The irony of it all.

The exact factor that clinched the NLCS for Los Angeles -- doing the little things to set up the big things -- took a bite outta their patootie in the World Series opener.

If their gigabytes of scouting data didn't confirm it already, the Dodgers now know firsthand that they can't afford to give an inch of opportunity to the Boston Red Sox.

 

So when they did -- too many times -- they found themselves on the wrong end of an 8-4 BoSox bombing in Game 1.

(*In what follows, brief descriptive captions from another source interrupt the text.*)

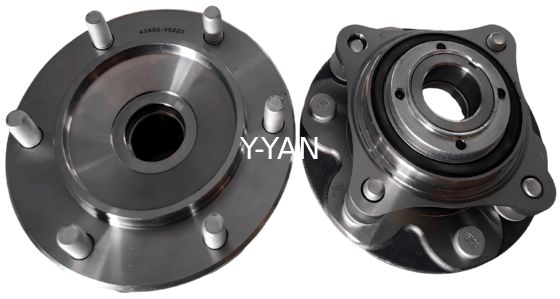 comprar RODAMIENTO DE BUJE DE RUEDA 43502-35220 online manufacture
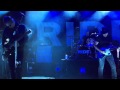 Ride - Perfect Time (live) - Irving Plaza, New York, NY - September 22, 2015
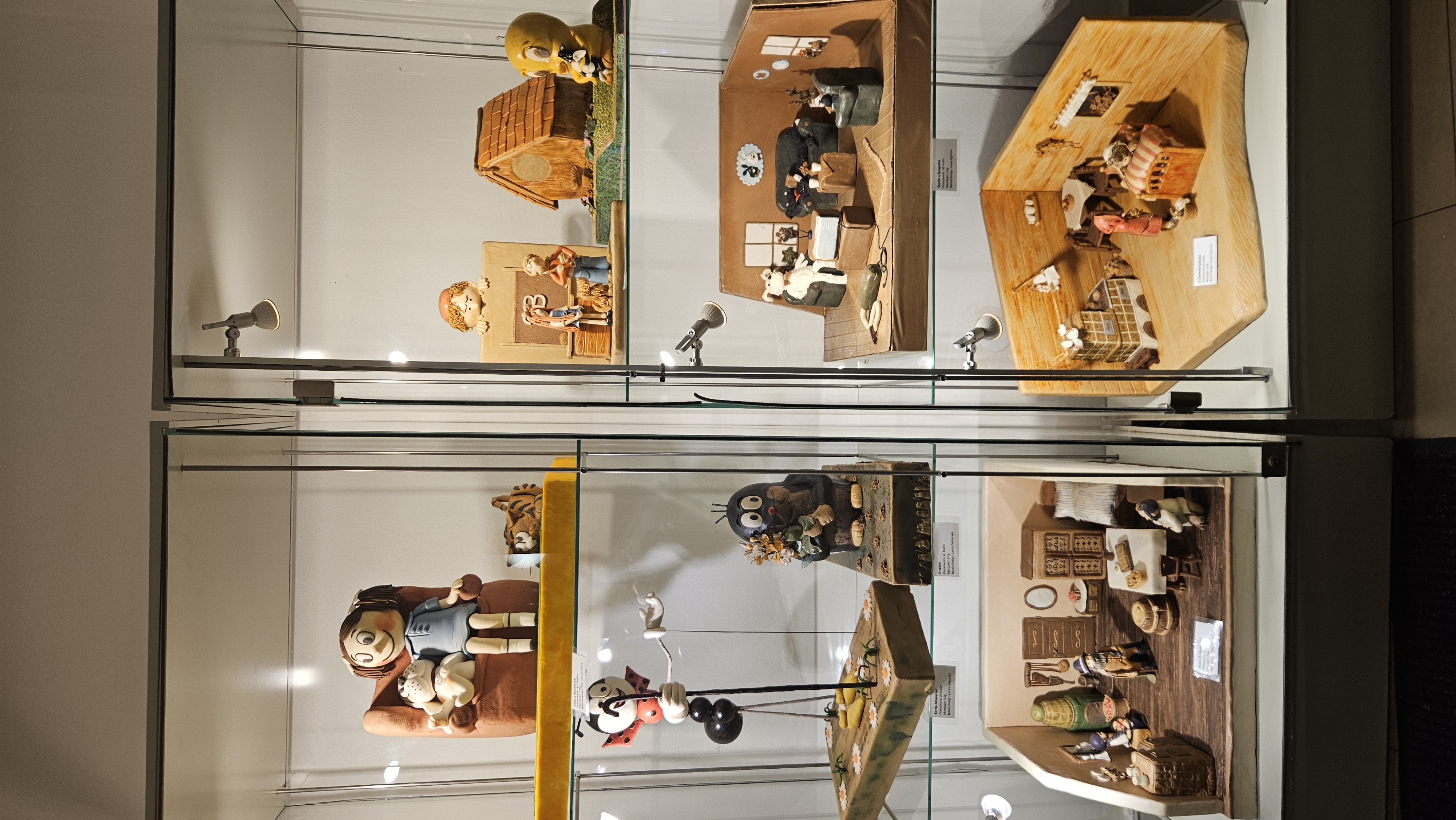 Táborské muzeum čokolády a marcipánu s.r.o. foto 6
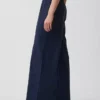 Pantalones cómodos de talle bajo GapFit Tech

The AL champions were lethal with two outs and runners on base, and those runners didn't have to be there:

  • When David Freese can't find or catch Mookie Betts' high pop foul in the first, Betts winds up singling, and scurries home from there on Andrew Benintendi's single that wouldn't have happened if Freese had caught the ball.
  • When Yasiel Puig fired home on that play in an obviously vain attempt to nail Betts, Benintendi took second because Puig overthrew the relay; he'd score on a JD Martinez single.

No wonder Clayton Kershaw looked so exasperated between batters.

 

It didn't end there.

Twice the Dodgers were slow with the turn on double-play attempts, and twice Boston posted runs when they should've already been in the field.

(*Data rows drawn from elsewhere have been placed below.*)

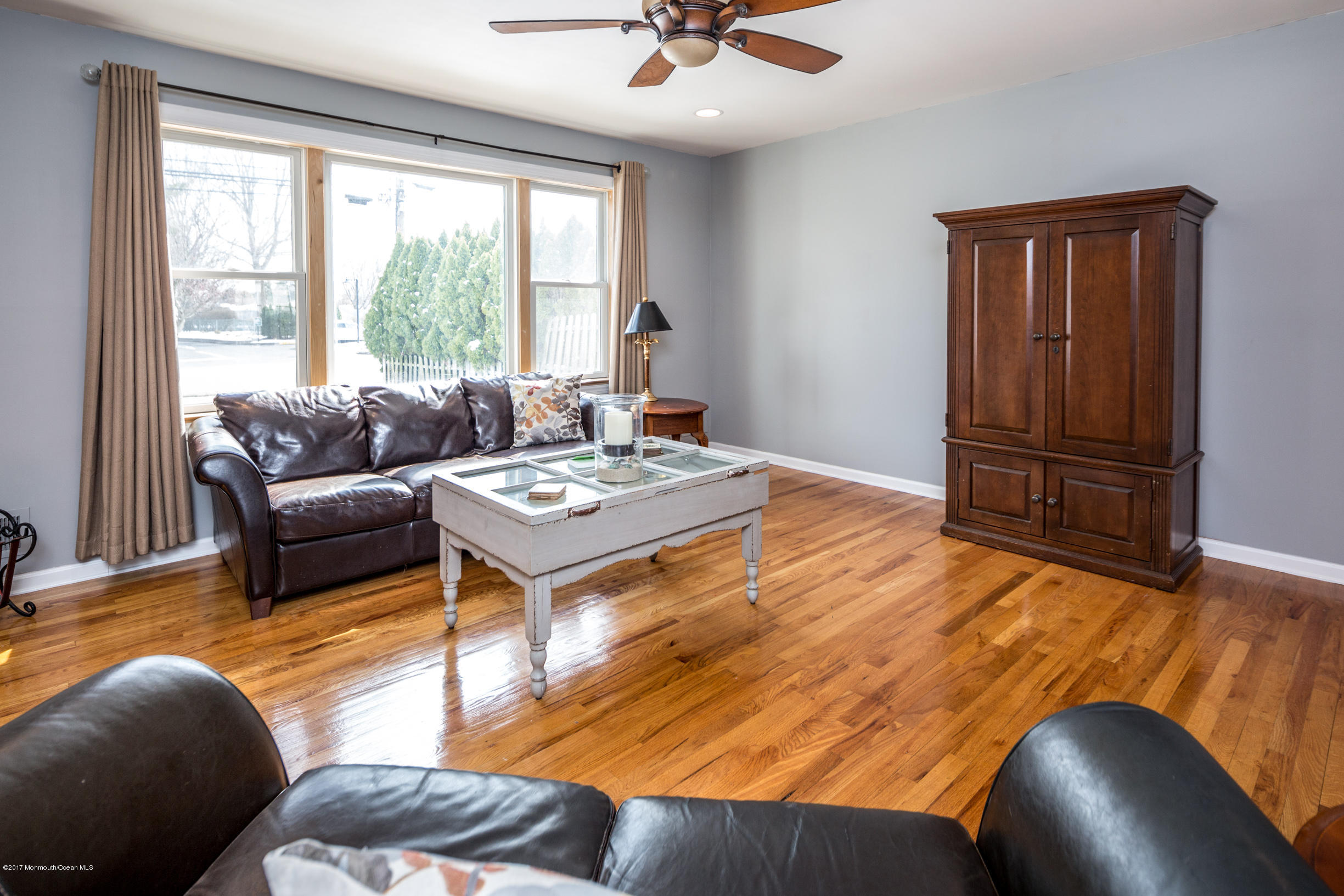 922 Allaire Road Spring Lake Heights, NJ 07762 - Photo 9 of 33 07_Living Room-4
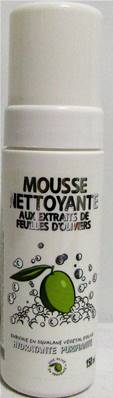 Mousse nett 150ml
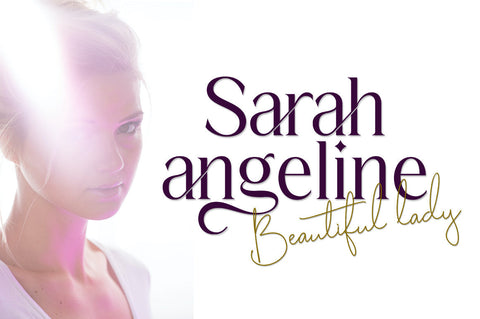 Chalobah Font Studio Natural Ink 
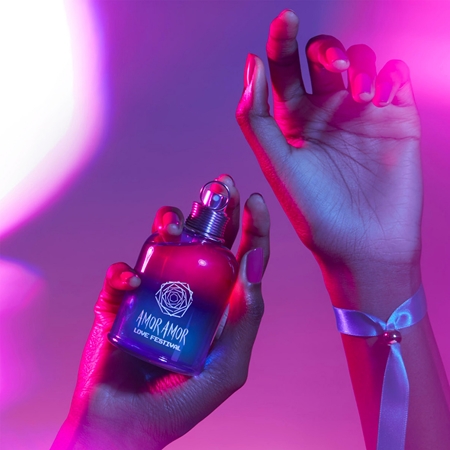Cacharel Amor Amor Love Festival Eau de Toilette pour femme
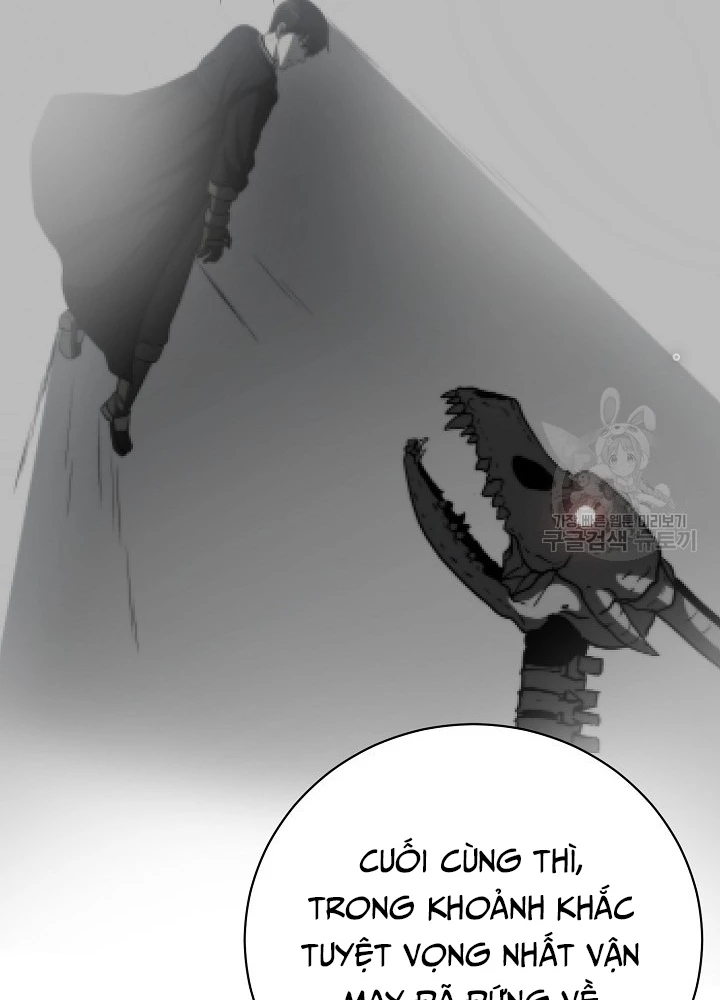 Ngôi Nhà Kết Nối Với Hầm Ngục Chapter 87 - Trang 2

Can't be doing that against a club that won 108 games in the regular season. Dudes can rake and clearly take what's given to them:

 

By the time Joc Pederson couldn't get to Benintendi's looper that a speedier Chris Taylor woulda caught. Ground rule double instead of the first out.

It's why Boston had only two outs when pinch-hitter Eduardo Núñez went deep.

Put all these little things together, and ...

 

The only other time these two clubs met in the World Series was 1916, when Babe Ruth was Boston's ace on the mound and Brooklyn was called the Robins, which may sound odd, but it beat the hell outta Superbas and Bridegrooms.

And the Red Sox beat the hell outta Brooklyn, needing only five games to take the title.

That was a big thing back then, like it still is now, and a little attention to detail has never gone amiss.